Orzeł Parysów - Sęp: pierwsze punkty na wyjeździe
Kolejny raz niedzielne popołudnie piłkarzom Sępa upłynęło pod znakiem piłki nożnej. Tym razem na godzinę 15:00 zaplanowano wyjazd do Parysowa by tam 120 minut później rozegrać mecz z miejscowym Orłem. Nasz przeciwnik od ośmiu spotkań nie zdołał odnieść zwycięstwa. Raz tylko wywalczony remi zapewnił im punkt co raczej jest dla niego marnym pocieszeniem. Przed 25 kolejką spotkań parysowianie zajmowali przedostatnią pozycję w tabeli co skłaniało do tego by to gości stawiać w roli faworyta. Sęp jednak jeszcze w tej rundzie nie wygrał na wyjeździe...

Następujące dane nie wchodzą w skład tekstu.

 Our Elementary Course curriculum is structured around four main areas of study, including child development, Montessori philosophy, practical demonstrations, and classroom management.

Spotkanie z Orłem miało być tym, po którym żelechowianie będą się cieszyli z pierwszych punktów zdobytych na boisku rywala. Chociaż Parysów zajmuje przedostatnią lokatę w tabeli, mecz do łatwych nie należał. W pierwszych 45 minutach to goście byli częściej w posiadaniu piłki. Niestety próby jakiegokolwiek zagrożenia bramce Orła nie udawały się. Większość akcji ofensywnych Sępa była zatrzymywana przez obrońców. Wszelkie próby dośrodkowania nie przynosiły rezultatów a uderzona piłka mijała światło bramki.

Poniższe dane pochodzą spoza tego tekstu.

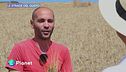 Le Strade del Gusto: il grano delle Madonie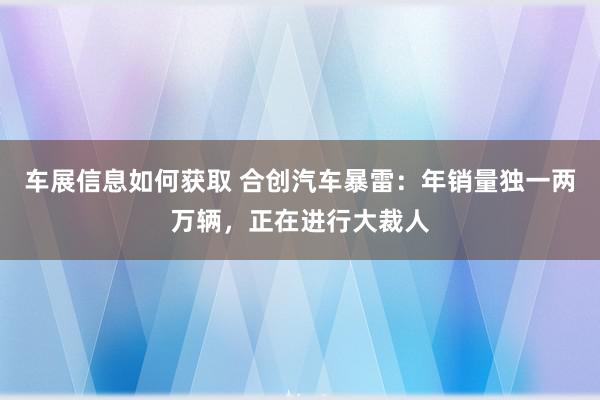 车展信息如何获取 合创汽车暴雷：年销量独一两万辆，正在进行大裁人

Sęp Żelechów: bramka: G. Frankowski - obrona: Ł. Zawadzki, J. Łukasiak, M. Jaśkiewicz, J. Gajownik - pomoc: P. Mądry, A. Kocielnik, M. Sągol, K. Skwarek (60' - M. Sudowski) - atak: M. Soszka (80' - A. Kosyra) M. R. Skwarek
Gospodarze starali się szybko wyprowadzać kontrataki. Kilka razy zrobiło się naprawdę gorąco pod bramką Frankowskiego jednak szczęście było po stronie naszego golkipera. Pierwsza połowa dobiegała końca i nic nie wskazywała no to by rezultat miał sie zmienić. Tymczasem piłka zostaje dograna do M. Soszki. Zawodnik Sępa próbując przedrzeć się prawą stroną boiska zostaje sfaulowany. Do piłki ustawionej na 25 metrze podchodzi P. Mądry. Uderza w krótki róg ale bramkarzowi z Parysowa nie udaje się jej wyłapać - pada bramka! W 41 minucie goście wychodzą na prowadzenie.

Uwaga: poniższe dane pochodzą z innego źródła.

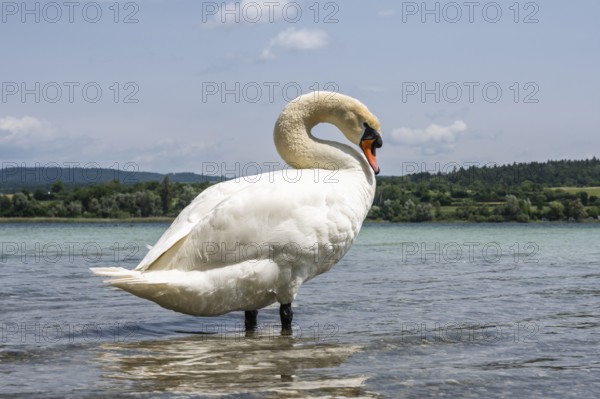 Ein Höckerschwan (Cygnus olor) am Bodenseeufer, Radolfzell am Bodensee, Landkreis Konstanz, Baden-Württemberg, Deutschland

W drugiej odsłonie meczu obraz gry uległ zmianie. Stroną przeważającą na boisku byli teraz gospodarze. Zaczęli pewniej grać piłką i coraz częściej zagrażali bramce Frankowskiego. Sporo pracy miała teraz formacja defensywna Żelechowa, która musiała przerywać kolejne akcje Orła. Na nasze szczęście większość strzałów mijała światło bramki bądź była wyłapywana przez bramkarza. Wszystko to trwało jednak do czasu... W 72 minucie po akcji prawą stroną zawodnik z Parysowa dogrywa piłkę wzdłuż bramki. Żadnemu z piłkarzy nie udaje się przeciąć jej lotu. Gdy wydawało się, że opuści zaraz plac gry, odbija się od nogi jednego z piłkarzy i wraca z powrotem przed bramkę. Do futbolówki dopada dosyć zaskoczony takim obrotem spraw jeden z napastników gospodarzy i z najbliższej odległości trafia do bramki. Mamy remis 1:1.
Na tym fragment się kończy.